* WHAT YOU ARE ASKED TO DO
Only one stretch of the data below is wanted: the lines from the one with "Vintage Chico's Jacket" through the one with "Áo khoác jean", repeated exactly.

* INPUT DATA
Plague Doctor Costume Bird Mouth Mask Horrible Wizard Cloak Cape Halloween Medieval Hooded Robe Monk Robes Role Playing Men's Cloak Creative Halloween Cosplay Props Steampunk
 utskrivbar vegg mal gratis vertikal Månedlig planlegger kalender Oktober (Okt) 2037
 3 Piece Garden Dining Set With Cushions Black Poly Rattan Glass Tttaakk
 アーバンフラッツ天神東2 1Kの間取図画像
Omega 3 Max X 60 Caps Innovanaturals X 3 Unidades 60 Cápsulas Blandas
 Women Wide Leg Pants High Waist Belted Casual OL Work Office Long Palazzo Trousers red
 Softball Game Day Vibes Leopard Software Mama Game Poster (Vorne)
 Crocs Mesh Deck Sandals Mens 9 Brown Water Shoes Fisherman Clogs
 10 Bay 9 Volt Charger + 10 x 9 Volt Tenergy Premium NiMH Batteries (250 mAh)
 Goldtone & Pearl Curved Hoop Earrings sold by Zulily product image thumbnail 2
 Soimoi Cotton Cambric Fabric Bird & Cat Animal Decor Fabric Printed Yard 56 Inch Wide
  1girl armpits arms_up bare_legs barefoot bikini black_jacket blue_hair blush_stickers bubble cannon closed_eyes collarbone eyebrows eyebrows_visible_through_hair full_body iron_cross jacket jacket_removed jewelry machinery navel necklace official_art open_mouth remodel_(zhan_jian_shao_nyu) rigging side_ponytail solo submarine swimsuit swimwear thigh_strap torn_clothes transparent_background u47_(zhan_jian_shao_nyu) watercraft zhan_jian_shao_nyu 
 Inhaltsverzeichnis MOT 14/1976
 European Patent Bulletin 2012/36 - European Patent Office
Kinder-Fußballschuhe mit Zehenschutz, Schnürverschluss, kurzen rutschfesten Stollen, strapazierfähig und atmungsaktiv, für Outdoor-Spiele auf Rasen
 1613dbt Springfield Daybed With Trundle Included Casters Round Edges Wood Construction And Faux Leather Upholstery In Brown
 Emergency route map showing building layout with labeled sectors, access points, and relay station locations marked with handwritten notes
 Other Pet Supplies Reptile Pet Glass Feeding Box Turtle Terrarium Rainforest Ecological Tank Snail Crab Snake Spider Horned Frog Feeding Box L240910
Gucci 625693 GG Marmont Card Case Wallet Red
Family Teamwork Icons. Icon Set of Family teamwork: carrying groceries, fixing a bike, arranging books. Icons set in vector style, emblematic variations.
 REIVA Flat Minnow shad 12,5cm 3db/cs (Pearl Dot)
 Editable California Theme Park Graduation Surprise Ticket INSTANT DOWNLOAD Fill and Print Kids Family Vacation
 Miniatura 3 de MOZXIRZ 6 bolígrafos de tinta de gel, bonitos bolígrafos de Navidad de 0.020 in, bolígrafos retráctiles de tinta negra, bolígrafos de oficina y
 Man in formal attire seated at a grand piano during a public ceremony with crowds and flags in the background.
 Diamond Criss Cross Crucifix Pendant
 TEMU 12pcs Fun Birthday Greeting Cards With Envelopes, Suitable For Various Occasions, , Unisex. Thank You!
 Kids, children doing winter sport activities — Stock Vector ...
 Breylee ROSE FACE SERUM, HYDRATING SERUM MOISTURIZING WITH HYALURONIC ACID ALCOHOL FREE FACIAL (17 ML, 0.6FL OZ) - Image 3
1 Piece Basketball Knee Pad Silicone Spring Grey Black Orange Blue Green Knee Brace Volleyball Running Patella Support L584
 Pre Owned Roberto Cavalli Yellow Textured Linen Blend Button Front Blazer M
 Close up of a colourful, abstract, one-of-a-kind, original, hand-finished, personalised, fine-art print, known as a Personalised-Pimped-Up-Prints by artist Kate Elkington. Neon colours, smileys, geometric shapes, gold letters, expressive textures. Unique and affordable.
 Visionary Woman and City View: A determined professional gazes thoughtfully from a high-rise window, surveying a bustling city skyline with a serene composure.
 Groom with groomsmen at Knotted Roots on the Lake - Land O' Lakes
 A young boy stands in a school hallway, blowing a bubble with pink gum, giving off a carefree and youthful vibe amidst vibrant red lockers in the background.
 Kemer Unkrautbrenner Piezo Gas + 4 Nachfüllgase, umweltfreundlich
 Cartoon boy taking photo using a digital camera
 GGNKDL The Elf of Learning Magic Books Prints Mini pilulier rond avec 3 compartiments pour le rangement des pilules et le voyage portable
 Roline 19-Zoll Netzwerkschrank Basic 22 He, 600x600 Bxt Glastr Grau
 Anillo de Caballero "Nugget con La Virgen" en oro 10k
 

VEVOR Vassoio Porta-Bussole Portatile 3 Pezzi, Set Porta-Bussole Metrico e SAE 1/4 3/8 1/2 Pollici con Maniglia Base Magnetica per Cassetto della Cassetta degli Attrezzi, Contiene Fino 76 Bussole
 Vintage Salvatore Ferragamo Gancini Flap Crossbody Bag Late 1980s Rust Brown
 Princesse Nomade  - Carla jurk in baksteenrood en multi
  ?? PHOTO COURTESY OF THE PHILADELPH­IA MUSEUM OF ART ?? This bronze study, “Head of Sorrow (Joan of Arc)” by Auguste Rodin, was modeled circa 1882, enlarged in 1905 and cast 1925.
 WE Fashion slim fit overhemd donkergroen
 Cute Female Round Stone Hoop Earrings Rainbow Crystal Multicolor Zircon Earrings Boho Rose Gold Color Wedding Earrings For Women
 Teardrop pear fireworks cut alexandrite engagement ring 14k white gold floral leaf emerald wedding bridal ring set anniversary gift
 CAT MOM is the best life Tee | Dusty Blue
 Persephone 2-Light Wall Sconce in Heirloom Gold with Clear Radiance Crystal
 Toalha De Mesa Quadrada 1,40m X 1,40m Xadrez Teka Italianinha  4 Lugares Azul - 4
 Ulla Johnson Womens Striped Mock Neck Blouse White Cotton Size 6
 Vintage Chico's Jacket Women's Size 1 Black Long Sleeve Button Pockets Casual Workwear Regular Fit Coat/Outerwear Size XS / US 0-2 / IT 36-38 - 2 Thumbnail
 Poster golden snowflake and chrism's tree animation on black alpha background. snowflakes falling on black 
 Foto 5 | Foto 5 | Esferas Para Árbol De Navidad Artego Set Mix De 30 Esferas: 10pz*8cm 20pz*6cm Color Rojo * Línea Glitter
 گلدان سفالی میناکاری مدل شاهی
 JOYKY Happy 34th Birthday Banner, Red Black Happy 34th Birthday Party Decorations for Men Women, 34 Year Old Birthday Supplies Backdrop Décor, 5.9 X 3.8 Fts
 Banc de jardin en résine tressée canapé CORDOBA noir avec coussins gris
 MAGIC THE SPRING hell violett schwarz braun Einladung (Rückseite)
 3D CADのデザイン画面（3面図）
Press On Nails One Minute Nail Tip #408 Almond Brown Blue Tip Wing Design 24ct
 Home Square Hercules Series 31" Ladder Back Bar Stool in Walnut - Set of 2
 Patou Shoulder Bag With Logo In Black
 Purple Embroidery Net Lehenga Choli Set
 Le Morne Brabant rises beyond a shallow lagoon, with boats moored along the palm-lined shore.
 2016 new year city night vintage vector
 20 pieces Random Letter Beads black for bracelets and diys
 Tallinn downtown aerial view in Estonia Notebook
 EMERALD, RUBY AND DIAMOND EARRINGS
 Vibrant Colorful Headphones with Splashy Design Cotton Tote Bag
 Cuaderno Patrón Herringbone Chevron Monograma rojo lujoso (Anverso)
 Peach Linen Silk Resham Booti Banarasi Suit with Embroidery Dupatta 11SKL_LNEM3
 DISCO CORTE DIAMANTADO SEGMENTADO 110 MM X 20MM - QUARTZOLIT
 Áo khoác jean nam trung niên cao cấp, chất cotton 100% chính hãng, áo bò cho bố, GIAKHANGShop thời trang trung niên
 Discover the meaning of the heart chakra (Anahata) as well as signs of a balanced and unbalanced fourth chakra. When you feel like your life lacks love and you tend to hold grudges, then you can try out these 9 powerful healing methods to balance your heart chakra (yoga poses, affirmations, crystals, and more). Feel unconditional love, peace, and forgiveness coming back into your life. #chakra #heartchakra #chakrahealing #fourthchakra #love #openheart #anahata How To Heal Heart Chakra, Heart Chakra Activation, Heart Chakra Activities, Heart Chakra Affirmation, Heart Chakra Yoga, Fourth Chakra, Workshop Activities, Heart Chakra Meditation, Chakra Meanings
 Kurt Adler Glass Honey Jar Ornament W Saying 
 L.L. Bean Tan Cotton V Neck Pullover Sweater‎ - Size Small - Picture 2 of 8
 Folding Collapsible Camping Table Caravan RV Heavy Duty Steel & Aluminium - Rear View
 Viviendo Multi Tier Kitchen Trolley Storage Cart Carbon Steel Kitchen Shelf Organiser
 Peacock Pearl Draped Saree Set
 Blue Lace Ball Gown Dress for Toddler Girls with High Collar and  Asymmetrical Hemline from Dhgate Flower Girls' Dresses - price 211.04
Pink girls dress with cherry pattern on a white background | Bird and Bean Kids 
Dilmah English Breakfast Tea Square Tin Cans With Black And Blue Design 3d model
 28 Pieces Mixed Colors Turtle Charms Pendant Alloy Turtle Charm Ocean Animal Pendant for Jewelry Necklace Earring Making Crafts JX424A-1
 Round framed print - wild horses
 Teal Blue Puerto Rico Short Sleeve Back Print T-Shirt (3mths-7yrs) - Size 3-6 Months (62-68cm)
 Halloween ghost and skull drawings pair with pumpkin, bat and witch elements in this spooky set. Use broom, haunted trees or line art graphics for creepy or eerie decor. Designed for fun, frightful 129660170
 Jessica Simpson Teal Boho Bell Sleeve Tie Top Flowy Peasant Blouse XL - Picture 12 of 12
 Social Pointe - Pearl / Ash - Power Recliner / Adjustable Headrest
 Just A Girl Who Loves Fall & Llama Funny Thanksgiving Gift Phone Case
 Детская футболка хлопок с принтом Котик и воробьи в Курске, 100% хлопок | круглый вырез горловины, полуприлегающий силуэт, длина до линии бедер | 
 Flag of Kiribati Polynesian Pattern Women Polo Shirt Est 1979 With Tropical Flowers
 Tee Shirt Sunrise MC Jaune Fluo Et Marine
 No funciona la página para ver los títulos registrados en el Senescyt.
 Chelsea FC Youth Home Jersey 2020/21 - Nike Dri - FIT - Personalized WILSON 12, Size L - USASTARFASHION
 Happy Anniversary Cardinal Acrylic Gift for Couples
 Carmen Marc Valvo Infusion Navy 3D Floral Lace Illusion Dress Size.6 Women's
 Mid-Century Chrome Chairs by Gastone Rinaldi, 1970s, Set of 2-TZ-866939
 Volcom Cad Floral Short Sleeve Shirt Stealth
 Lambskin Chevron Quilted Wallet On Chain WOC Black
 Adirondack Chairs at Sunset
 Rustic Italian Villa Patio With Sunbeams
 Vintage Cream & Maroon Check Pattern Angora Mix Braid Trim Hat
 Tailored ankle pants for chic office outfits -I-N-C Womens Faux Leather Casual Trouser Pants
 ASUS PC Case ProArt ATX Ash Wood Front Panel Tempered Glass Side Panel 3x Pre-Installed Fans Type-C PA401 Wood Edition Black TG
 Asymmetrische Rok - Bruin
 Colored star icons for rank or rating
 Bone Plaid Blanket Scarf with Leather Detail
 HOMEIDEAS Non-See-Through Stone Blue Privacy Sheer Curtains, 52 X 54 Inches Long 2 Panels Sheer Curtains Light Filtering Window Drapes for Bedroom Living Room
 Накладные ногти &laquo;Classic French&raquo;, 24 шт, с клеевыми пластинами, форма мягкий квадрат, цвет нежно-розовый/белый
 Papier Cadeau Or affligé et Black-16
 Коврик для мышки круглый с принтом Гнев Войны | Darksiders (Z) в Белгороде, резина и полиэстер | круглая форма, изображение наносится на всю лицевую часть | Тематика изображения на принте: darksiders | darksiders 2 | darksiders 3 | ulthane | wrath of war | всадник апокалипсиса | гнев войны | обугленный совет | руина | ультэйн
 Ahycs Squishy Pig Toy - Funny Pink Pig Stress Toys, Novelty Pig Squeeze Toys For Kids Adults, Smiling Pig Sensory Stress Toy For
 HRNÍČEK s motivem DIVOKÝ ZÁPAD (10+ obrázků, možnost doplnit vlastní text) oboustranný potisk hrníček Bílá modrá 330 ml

* EXERCISE OUTPUT
 Vintage Chico's Jacket Women's Size 1 Black Long Sleeve Button Pockets Casual Workwear Regular Fit Coat/Outerwear Size XS / US 0-2 / IT 36-38 - 2 Thumbnail
 Poster golden snowflake and chrism's tree animation on black alpha background. snowflakes falling on black 
 Foto 5 | Foto 5 | Esferas Para Árbol De Navidad Artego Set Mix De 30 Esferas: 10pz*8cm 20pz*6cm Color Rojo * Línea Glitter
 گلدان سفالی میناکاری مدل شاهی
 JOYKY Happy 34th Birthday Banner, Red Black Happy 34th Birthday Party Decorations for Men Women, 34 Year Old Birthday Supplies Backdrop Décor, 5.9 X 3.8 Fts
 Banc de jardin en résine tressée canapé CORDOBA noir avec coussins gris
 MAGIC THE SPRING hell violett schwarz braun Einladung (Rückseite)
 3D CADのデザイン画面（3面図）
Press On Nails One Minute Nail Tip #408 Almond Brown Blue Tip Wing Design 24ct
 Home Square Hercules Series 31" Ladder Back Bar Stool in Walnut - Set of 2
 Patou Shoulder Bag With Logo In Black
 Purple Embroidery Net Lehenga Choli Set
 Le Morne Brabant rises beyond a shallow lagoon, with boats moored along the palm-lined shore.
 2016 new year city night vintage vector
 20 pieces Random Letter Beads black for bracelets and diys
 Tallinn downtown aerial view in Estonia Notebook
 EMERALD, RUBY AND DIAMOND EARRINGS
 Vibrant Colorful Headphones with Splashy Design Cotton Tote Bag
 Cuaderno Patrón Herringbone Chevron Monograma rojo lujoso (Anverso)
 Peach Linen Silk Resham Booti Banarasi Suit with Embroidery Dupatta 11SKL_LNEM3
 DISCO CORTE DIAMANTADO SEGMENTADO 110 MM X 20MM - QUARTZOLIT
 Áo khoác jean nam trung niên cao cấp, chất cotton 100% chính hãng, áo bò cho bố, GIAKHANGShop thời trang trung niên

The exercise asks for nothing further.